Trader Joe’s house brand yogurt varieties include nonfat Greek yogurt for 99 cents a carton in flavors such as honey, pomegranate, vanilla bean and mango. Trader Joe’s also sells whole milk and dairy-free yogurt choices.
Kroger’s store brand selection of “Carbmaster” yogurt flavors include white chocolate, carrot cake, strawberry cake, spiced pear, vanilla chai and banana cream. Kroger’s “light” yogurts include coconut cream, French apple, rapsberry acai and pink grapefruit.
Among brand name yogurt options, Yoplait Light comes in Boston creme, orange creme, strawberry shortcake, pineapple upside down cake, raspberry cheesecake, raspberry lemonade and key lime pie, among many other flavors.
Carnation Breakfast Essentials
Carnation Breakfast Essentials (a.k.a. Carnation Instant Breakfast) may look like glorified chocolate milk, but it contains plenty of nutrition while remaining a tasty treat for kids. You can mix it with skim milk, 2 percent milk or even soy milk.
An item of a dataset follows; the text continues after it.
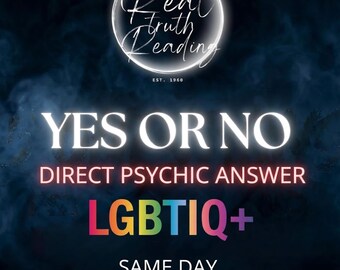 LGBTQ+ Yes or No Psychic Answer / Urgent 1 Question Reading / Queer Safe Space Direct Clarity / | Intuitive Same Day Guidance / LGBT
You can even buy it pre-mixed or in the form of chocolate breakfast bars for meals on-the-go. On cold days, warm up some milk before mixing in a packet of Carnation Breakfast Essentials. In addition to chocolate, the product comes in strawberry and vanilla flavors, and you can find it at most grocery stores.
Instant Oatmeal
Instant oatmeal comes in so many different flavor options that most youngsters can find one that appeals to them. You can also make your own variety by microwaving a bowl of plain oatmeal and adding fruits, nuts, chocolate chips, Craisins or whatever your child likes, along with a bit of honey or other sweetener.
School Breakfast
If your child attends public school, there’s a good chance it serves breakfast, and you don’t have to qualify for free or reduced price meals to take advantage of the program for an often very low price. In most cases, the cost is lower than you’d spend making breakfast at home.
School breakfast works especially well for kids who don’t wake up feeling hungry but feel a bit peckish a couple of hours later. Check your school’s Web site for information on their breakfast program along with menus and pricing. Schools must meet certain nutritional requirements in their breakfasts in order to participate in the federal program, and you may have convenient online prepayment options to avoid having to send cash to school with your kids.